YOUR GOAL
Could you please retype all of the entries exactly as they appear?

SOURCE DATA

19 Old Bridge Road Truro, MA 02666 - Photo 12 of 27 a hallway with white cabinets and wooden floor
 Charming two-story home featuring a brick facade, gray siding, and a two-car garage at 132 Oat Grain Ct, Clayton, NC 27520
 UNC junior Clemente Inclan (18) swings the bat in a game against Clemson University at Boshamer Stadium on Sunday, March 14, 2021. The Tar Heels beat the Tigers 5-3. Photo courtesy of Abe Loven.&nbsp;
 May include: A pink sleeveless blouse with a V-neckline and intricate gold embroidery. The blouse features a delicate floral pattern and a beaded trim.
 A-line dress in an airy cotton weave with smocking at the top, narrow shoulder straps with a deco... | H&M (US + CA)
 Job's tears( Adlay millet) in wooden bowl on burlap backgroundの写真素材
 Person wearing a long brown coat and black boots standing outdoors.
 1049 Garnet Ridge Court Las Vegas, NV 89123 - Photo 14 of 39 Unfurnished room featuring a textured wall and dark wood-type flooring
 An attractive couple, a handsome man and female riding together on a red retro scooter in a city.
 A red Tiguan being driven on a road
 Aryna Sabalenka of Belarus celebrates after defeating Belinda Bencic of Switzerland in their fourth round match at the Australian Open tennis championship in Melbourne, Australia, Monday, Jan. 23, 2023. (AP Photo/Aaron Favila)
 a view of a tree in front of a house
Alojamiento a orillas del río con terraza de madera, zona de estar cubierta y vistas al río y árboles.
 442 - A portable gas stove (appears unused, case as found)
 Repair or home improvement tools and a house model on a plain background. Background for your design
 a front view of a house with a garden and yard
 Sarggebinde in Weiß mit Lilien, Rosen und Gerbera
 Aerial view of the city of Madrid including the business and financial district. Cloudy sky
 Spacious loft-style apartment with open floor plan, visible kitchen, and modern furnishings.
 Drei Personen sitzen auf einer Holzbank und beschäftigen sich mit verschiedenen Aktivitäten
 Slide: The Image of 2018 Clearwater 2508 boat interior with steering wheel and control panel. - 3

FINISHED TASK
19 Old Bridge Road Truro, MA 02666 - Photo 12 of 27 a hallway with white cabinets and wooden floor
 Charming two-story home featuring a brick facade, gray siding, and a two-car garage at 132 Oat Grain Ct, Clayton, NC 27520
 UNC junior Clemente Inclan (18) swings the bat in a game against Clemson University at Boshamer Stadium on Sunday, March 14, 2021. The Tar Heels beat the Tigers 5-3. Photo courtesy of Abe Loven.&nbsp;
 May include: A pink sleeveless blouse with a V-neckline and intricate gold embroidery. The blouse features a delicate floral pattern and a beaded trim.
 A-line dress in an airy cotton weave with smocking at the top, narrow shoulder straps with a deco... | H&M (US + CA)
 Job's tears( Adlay millet) in wooden bowl on burlap backgroundの写真素材
 Person wearing a long brown coat and black boots standing outdoors.
 1049 Garnet Ridge Court Las Vegas, NV 89123 - Photo 14 of 39 Unfurnished room featuring a textured wall and dark wood-type flooring
 An attractive couple, a handsome man and female riding together on a red retro scooter in a city.
 A red Tiguan being driven on a road
 Aryna Sabalenka of Belarus celebrates after defeating Belinda Bencic of Switzerland in their fourth round match at the Australian Open tennis championship in Melbourne, Australia, Monday, Jan. 23, 2023. (AP Photo/Aaron Favila)
 a view of a tree in front of a house
Alojamiento a orillas del río con terraza de madera, zona de estar cubierta y vistas al río y árboles.
 442 - A portable gas stove (appears unused, case as found)
 Repair or home improvement tools and a house model on a plain background. Background for your design
 a front view of a house with a garden and yard
 Sarggebinde in Weiß mit Lilien, Rosen und Gerbera
 Aerial view of the city of Madrid including the business and financial district. Cloudy sky
 Spacious loft-style apartment with open floor plan, visible kitchen, and modern furnishings.
 Drei Personen sitzen auf einer Holzbank und beschäftigen sich mit verschiedenen Aktivitäten
 Slide: The Image of 2018 Clearwater 2508 boat interior with steering wheel and control panel. - 3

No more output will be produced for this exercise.